I’m sitting in Washington Square Park on a late summer evening. There’s music blaring from speakers, but I have my headphones on and am playing the kind of sound that this scene, and the strong breeze that accompanies it, deserve.

Only, through the headphones comes the crying of the little girl who went by in her stroller, and the guitar of the guy sitting on the grass, and that same blaring music that I can’t quite identify.

The sun is starting to go down but some of the trees—not the ones I’m under—are still lit golden-green from above. The sky is blue to blue-white behind them, and the water cascading—can water cascade up before cascading down?—from the fountain is a milky white. Some of the street lamps are dimly lit.

I’ve been to the park at lunchtime before, in springtime when the newly warm weather draws everyone outside and there’s nowhere to sit that doesn’t have at least five people in earshot. Tonight isn’t like that, and yet there are still so many people here, probably hundreds. Walking and sitting.
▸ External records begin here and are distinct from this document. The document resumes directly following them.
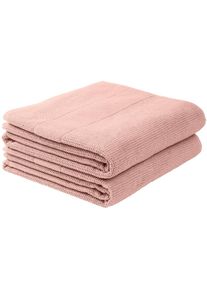 Schiesser, Duscht&uuml;cher &raquo;Turin aus 100% Baumwolle in dezenter Reiskornoptik&laquo; MADE IN GREEN by OEKO-TEX , hellrosa, Frottier, Frottier, 2 Stk.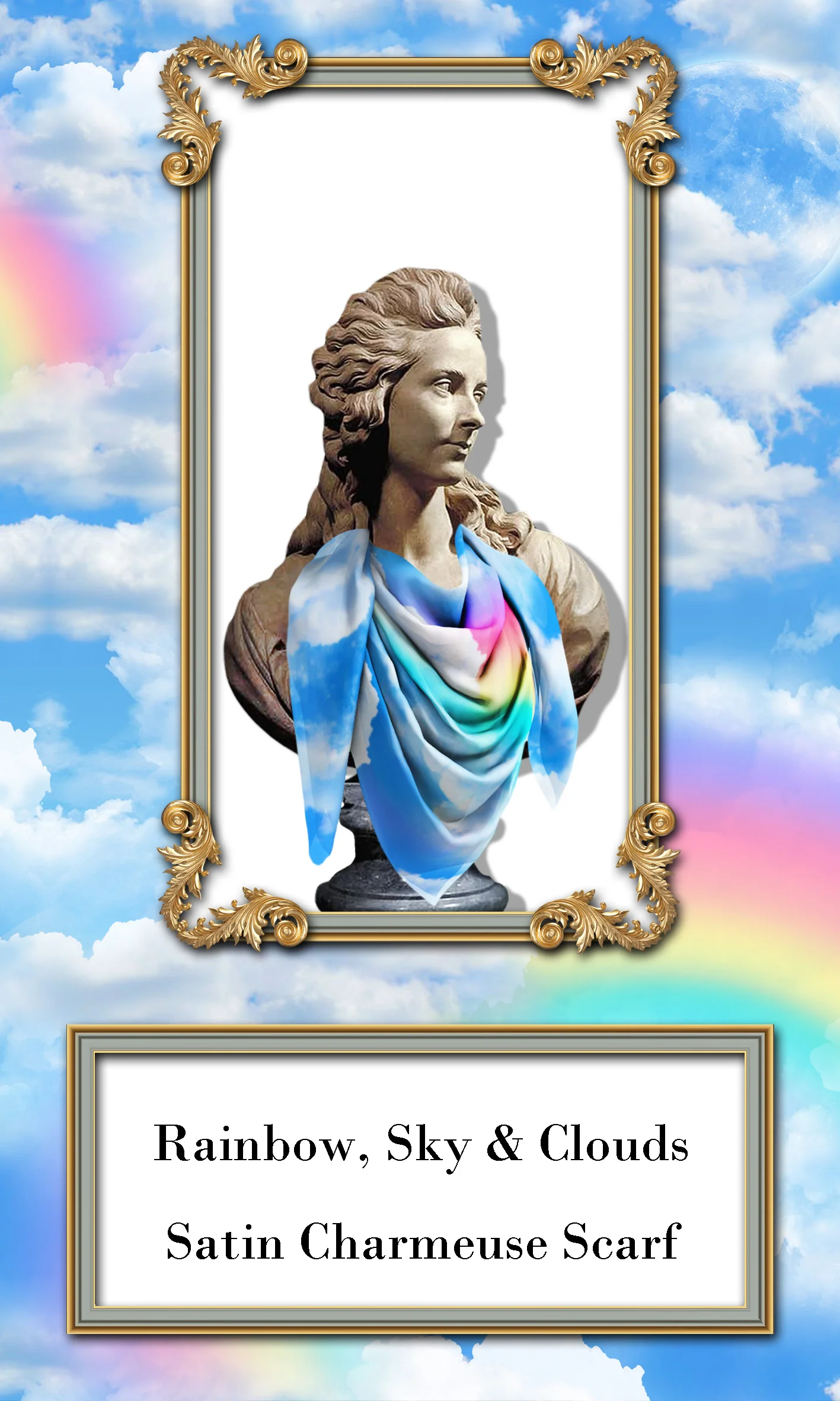 Rainbow, Sky & Clouds Silky Square Scarf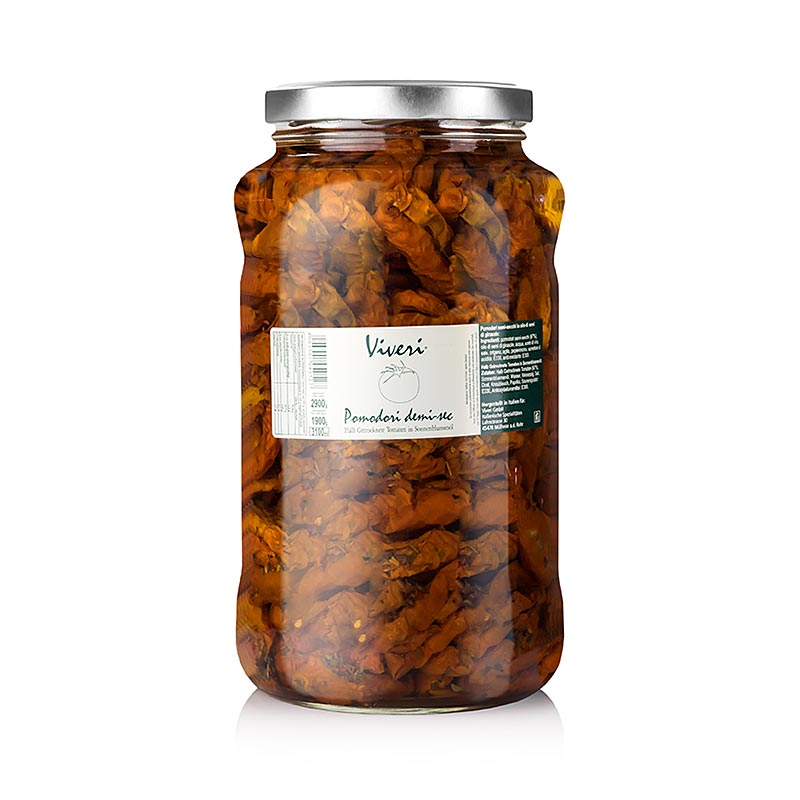 Tomates semi-séchées marinées, à l'huile de tournesol, 2,9 kg - Tomates charnues et fruitées marinées dans de l'huile de tournesol, du vinaigre de vin et des herbes aromatiques, sans colorants ni conservateurs Convient pour accompagner les plats froids, les antipasti et pour affiner les sauces
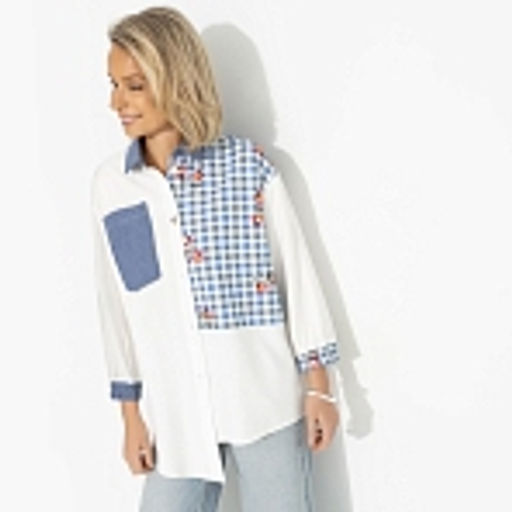 Рубашка комбинированная, Жемчужина образа (white) - Charutti фото 16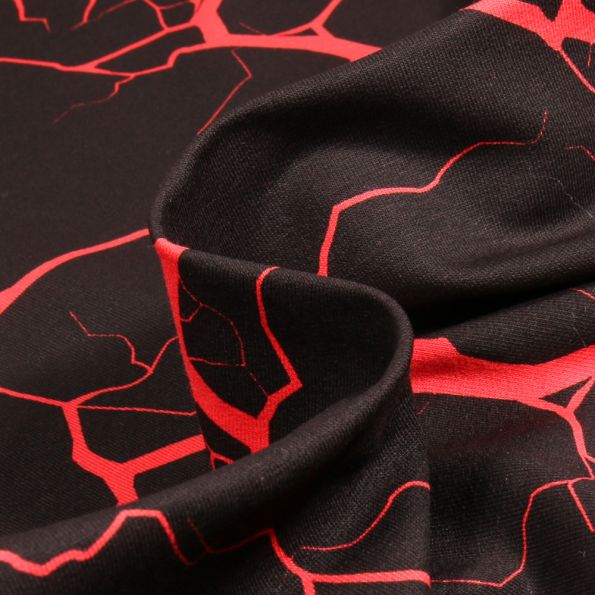 Tissu Jersey Coton Marbre rouge sur fond Noir - Par 10 cm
Teaching a toddler to throw a football—sort of.

The wind rustles the trees and I think of the movie Chocolat, where a certain kind of wind meant it was time to go, to move, to be somewhere else, be someone else.

With my music in my ears it feels like that, but in the gap between songs, the reality of New York grounds me—at least till the music starts again and the breeze blows, and I look at all the people and think—Maybe.